TORONTO, Feb. 7, 2013 /CNW/ - The co-sponsors (Partners) of the Ontario Teachers' Pension Plan (Plan),
the Government of Ontario and the Ontario Teachers' Federation (OTF),
have announced Plan changes that will eliminate a deficit, as of
January 1, 2012, and permit the filing of a balanced valuation with the
Ontario pension regulator.
A preliminary 2012 valuation showed that, despite earning $11.7 billion
in 2011, the $117 billion fund had a deficit of approximately $9.6
billion. The Plan's liabilities are very sensitive to interest rates,
and the current low interest rate environment has led to a series of
deficits, despite excellent investment returns achieved by the Plan in
recent years. The Partners recognized the need to take action now to
balance the Plan's assets and liabilities and to reduce the Plan's risk
profile so that it will remain financially viable long into the future.

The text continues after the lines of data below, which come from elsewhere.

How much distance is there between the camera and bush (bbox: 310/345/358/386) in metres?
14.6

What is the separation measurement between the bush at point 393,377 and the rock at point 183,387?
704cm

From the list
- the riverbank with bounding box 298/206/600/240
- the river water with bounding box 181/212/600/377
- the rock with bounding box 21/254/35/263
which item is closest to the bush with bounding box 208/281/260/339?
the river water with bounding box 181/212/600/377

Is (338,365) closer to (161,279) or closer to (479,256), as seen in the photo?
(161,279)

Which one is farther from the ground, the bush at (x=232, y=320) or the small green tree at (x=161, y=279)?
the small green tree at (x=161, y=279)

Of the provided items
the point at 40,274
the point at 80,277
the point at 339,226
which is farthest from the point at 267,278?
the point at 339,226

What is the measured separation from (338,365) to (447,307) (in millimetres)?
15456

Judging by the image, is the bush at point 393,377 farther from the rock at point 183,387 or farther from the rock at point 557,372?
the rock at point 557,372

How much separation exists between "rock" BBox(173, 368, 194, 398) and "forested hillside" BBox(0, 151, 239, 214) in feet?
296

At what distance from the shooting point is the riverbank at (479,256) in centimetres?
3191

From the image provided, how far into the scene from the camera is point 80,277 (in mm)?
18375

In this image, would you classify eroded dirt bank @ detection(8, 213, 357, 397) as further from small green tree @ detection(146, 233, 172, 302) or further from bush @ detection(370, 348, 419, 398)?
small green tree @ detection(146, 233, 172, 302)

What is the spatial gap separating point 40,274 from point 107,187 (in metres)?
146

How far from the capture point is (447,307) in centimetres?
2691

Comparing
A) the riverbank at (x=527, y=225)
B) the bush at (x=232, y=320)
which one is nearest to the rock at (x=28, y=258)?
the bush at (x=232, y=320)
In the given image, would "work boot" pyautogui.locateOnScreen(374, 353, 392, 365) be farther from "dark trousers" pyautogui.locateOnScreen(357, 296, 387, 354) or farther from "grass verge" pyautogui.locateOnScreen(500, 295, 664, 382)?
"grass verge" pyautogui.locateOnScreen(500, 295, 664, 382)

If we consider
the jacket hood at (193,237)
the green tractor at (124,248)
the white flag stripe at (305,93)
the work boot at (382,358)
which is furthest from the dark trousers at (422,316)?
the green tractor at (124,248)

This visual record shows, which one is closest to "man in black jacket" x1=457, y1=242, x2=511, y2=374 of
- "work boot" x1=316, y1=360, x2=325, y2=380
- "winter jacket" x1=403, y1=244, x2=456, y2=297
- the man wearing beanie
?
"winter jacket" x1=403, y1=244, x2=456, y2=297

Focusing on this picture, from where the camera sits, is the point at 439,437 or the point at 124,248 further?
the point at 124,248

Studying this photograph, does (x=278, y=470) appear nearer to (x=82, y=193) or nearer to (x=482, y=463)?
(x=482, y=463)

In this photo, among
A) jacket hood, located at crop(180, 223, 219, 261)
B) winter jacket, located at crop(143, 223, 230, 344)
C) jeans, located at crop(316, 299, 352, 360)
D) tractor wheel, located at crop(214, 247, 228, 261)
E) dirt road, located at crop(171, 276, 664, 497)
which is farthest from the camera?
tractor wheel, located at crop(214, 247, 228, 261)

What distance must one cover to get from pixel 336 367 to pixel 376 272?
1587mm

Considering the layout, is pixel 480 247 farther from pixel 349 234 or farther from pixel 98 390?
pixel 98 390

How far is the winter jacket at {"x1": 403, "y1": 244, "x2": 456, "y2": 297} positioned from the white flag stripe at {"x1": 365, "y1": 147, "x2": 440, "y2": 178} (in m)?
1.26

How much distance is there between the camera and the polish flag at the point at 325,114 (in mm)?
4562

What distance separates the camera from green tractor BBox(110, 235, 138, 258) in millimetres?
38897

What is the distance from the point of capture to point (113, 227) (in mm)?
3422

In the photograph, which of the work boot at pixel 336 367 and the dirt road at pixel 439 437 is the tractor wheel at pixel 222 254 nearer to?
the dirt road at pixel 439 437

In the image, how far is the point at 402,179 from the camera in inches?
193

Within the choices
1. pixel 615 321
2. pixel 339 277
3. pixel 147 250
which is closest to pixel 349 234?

To eliminate the deficit, the Partners have expanded the conditional
nature of the inflation protection that is paid on benefits, based on
the availability of sufficient funding in the Plan. This change will
provide greater flexibility in addressing future funding challenges.

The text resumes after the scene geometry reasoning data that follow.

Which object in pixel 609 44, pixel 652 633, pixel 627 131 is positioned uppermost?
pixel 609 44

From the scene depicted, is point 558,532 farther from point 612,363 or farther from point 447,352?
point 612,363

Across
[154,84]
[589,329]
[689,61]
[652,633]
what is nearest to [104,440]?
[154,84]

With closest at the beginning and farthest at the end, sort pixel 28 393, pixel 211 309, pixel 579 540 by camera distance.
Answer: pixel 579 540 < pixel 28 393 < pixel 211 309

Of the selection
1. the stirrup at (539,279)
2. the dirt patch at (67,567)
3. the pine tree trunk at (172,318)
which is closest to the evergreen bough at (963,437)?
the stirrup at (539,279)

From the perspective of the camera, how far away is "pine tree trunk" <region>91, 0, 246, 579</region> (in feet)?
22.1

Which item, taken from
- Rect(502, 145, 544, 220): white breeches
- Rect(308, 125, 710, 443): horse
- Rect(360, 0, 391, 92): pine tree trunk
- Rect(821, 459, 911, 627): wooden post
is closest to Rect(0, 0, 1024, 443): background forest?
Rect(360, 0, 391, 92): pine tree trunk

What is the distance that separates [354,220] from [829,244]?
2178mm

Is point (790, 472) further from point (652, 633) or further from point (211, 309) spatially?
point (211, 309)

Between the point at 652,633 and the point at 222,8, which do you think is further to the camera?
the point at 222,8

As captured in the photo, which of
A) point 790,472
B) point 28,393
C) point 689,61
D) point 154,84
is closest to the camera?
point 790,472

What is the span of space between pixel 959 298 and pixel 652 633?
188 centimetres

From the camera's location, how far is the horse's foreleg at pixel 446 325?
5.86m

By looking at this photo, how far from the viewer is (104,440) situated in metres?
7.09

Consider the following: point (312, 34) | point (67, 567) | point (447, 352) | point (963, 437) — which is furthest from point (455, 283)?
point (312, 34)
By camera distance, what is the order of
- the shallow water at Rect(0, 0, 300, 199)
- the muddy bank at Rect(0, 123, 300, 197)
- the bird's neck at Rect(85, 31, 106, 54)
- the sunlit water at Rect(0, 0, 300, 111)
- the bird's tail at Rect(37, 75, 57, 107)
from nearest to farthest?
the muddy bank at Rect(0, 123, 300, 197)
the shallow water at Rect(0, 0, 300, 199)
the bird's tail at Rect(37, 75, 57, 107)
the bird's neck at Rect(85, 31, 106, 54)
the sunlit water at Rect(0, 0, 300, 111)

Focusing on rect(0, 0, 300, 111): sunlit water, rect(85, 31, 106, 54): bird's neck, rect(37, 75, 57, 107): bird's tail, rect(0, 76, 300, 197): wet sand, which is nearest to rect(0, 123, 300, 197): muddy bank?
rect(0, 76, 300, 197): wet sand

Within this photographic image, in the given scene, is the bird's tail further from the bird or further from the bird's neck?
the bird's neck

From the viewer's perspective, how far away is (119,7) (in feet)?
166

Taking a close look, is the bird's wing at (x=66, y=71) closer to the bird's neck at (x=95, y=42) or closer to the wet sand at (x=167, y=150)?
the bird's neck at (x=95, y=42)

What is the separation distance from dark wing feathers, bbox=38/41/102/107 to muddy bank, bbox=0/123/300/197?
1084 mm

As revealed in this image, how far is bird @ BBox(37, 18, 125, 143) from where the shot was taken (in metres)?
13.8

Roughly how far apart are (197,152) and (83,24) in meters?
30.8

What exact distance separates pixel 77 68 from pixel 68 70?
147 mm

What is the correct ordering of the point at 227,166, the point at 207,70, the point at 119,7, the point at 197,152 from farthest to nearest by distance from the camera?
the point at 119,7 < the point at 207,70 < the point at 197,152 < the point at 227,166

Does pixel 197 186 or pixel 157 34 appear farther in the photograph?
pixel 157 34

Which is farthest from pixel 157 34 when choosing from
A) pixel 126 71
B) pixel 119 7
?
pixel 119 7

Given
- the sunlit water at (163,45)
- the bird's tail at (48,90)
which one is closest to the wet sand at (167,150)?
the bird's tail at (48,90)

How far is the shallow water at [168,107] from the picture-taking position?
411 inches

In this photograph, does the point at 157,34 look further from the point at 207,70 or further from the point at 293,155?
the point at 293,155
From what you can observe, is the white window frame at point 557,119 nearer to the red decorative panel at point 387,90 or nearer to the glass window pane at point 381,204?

The changes announced today mean that inflation protection on pension
service accruing after 2013 will depend entirely upon the Plan's funded
status. According to OTF President Terry Hamilton, "Both Partners are
hopeful that the strength of the Plan will allow retirees to receive
full inflation protection in the future."

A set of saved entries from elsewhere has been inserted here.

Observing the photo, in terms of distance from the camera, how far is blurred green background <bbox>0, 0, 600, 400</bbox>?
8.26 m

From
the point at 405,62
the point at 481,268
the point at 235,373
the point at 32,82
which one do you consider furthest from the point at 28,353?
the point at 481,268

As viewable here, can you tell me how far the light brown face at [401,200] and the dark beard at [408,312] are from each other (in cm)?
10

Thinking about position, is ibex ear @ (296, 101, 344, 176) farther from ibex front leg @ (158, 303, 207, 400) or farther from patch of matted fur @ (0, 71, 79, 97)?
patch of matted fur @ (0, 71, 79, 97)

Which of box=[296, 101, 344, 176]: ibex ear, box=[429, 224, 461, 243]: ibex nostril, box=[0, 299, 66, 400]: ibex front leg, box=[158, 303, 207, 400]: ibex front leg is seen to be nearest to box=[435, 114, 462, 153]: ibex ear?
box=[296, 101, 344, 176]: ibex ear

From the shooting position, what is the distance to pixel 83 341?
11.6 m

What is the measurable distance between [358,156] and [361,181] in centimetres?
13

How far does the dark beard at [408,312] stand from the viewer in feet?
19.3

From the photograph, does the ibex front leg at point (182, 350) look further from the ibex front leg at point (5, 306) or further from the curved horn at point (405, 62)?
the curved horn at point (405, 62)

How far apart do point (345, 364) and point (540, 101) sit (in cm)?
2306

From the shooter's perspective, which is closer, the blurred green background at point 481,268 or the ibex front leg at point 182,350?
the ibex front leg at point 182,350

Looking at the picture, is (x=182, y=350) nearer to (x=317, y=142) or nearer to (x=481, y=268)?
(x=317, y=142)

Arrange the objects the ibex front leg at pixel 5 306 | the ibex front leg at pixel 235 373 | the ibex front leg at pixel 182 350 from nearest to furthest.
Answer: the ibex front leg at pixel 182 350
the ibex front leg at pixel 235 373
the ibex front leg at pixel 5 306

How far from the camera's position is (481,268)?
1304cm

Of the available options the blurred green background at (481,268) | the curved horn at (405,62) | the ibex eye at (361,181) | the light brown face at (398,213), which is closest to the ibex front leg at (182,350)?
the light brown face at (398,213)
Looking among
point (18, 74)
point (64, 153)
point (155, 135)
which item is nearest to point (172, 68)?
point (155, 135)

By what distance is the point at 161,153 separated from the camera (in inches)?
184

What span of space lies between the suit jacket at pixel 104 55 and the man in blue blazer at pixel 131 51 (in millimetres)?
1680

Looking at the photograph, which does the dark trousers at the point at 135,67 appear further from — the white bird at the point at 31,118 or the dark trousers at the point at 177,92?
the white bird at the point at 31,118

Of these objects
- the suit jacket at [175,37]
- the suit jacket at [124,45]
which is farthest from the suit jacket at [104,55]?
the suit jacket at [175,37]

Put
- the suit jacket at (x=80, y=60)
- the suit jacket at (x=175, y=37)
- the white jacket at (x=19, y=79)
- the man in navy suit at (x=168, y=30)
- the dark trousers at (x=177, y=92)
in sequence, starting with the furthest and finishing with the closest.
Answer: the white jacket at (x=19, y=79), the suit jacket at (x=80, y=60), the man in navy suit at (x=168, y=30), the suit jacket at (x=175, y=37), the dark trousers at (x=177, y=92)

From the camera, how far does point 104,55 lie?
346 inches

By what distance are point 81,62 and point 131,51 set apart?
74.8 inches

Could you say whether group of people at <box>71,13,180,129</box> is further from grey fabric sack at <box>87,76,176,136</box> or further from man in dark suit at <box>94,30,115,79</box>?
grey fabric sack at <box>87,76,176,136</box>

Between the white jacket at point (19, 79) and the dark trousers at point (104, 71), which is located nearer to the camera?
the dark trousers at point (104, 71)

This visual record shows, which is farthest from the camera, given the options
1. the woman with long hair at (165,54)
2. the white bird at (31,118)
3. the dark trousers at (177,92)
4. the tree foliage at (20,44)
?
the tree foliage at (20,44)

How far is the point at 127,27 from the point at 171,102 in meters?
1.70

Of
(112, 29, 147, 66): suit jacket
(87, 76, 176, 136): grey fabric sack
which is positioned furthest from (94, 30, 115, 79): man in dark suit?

"The filing of a balanced valuation as of January 1, 2012 is a positive
step toward our Plan's long-term funding stability," said Hamilton.
"With the persistence of low interest rates, the Plan may continue to
experience future deficits. For this reason, the Partners intend to
study all of the factors that contribute to funding shortfalls,
including increased teacher life expectancies, Plan demographics and
the balance between the average number of years worked versus those
spent in retirement. We will be surveying active Plan members in the
fall of 2013 to better understand their perspectives on these issues.
The Plan is ahead of many others in understanding the impact of
longevity on funding, and the Partners have already begun to address
changes in demographic patterns."
The Partners will be assisted in this study by Dr. Harry Arthurs as well
as by senior management at the Plan. "Dr. Arthurs' knowledge and
expertise, most recently as Chair of the Ontario Expert Commission on
Pensions, will be invaluable to the Partners," said Hamilton.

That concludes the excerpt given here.